Instructions for the task:
Using the records below, transcribe word for word the stretch from the line that contains "Hub Adaptador Usb" through the line that contains "Afralia™ Cone Pendant", both end lines included, and nothing else.

Data provided:
---------------

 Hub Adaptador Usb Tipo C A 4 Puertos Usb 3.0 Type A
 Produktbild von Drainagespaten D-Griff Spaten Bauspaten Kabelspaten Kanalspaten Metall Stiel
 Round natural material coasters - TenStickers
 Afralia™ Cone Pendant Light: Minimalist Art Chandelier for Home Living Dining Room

---------------

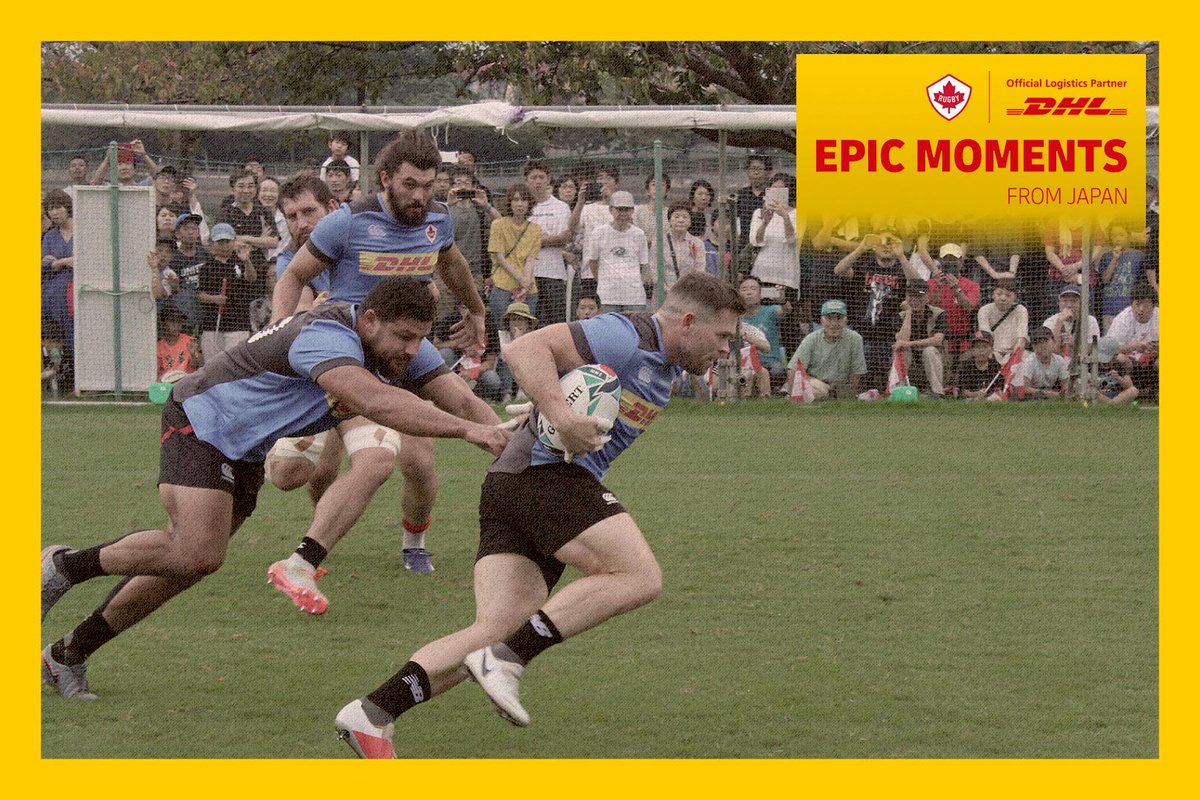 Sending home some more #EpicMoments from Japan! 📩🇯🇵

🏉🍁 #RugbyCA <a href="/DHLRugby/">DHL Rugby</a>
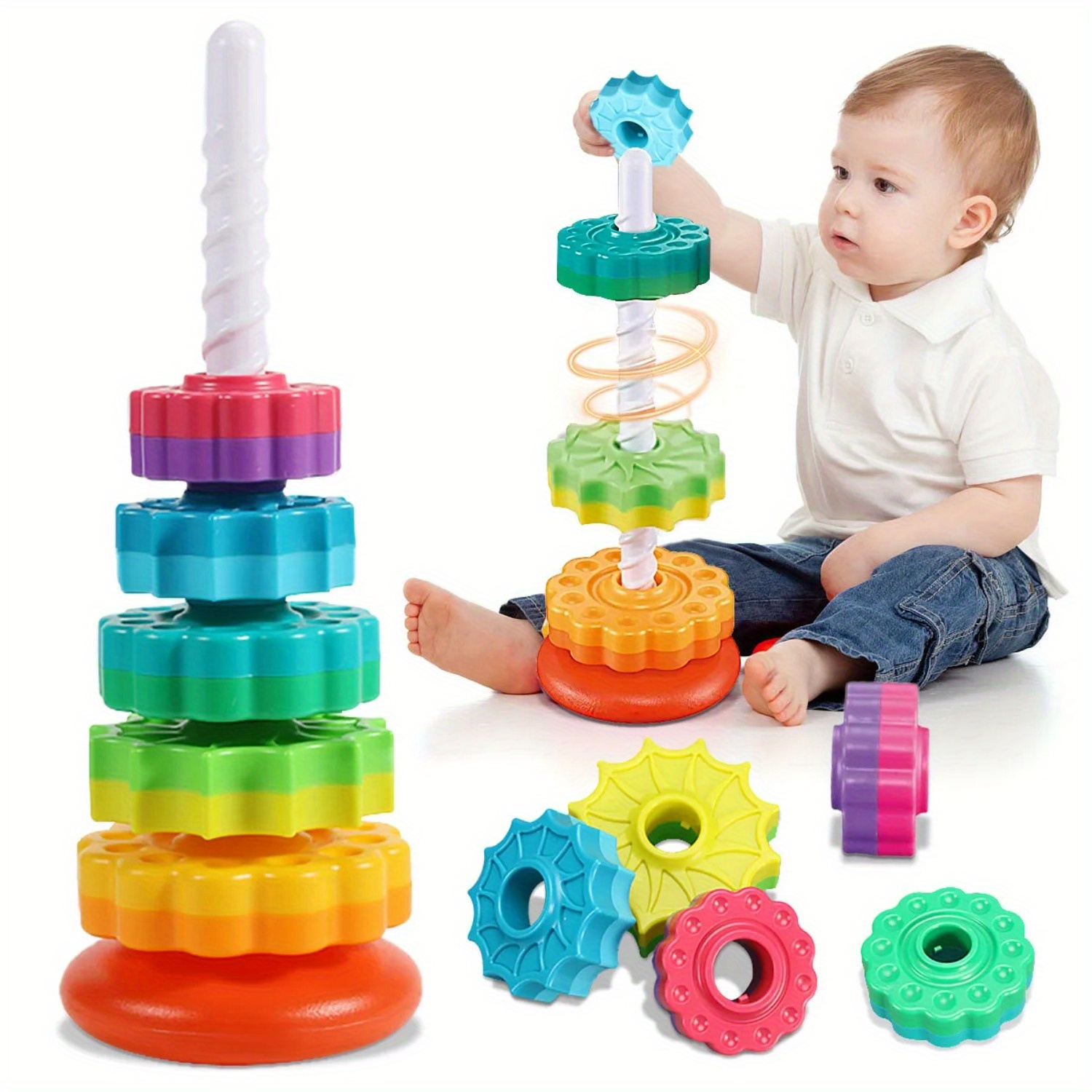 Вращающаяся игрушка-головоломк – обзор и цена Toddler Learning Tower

---------------

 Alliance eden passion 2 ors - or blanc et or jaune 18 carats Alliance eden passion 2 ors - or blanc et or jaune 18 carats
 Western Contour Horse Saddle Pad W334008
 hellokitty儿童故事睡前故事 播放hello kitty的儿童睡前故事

---------------

Result for this exercise:
 Hub Adaptador Usb Tipo C A 4 Puertos Usb 3.0 Type A
 Produktbild von Drainagespaten D-Griff Spaten Bauspaten Kabelspaten Kanalspaten Metall Stiel
 Round natural material coasters - TenStickers
 Afralia™ Cone Pendant Light: Minimalist Art Chandelier for Home Living Dining Room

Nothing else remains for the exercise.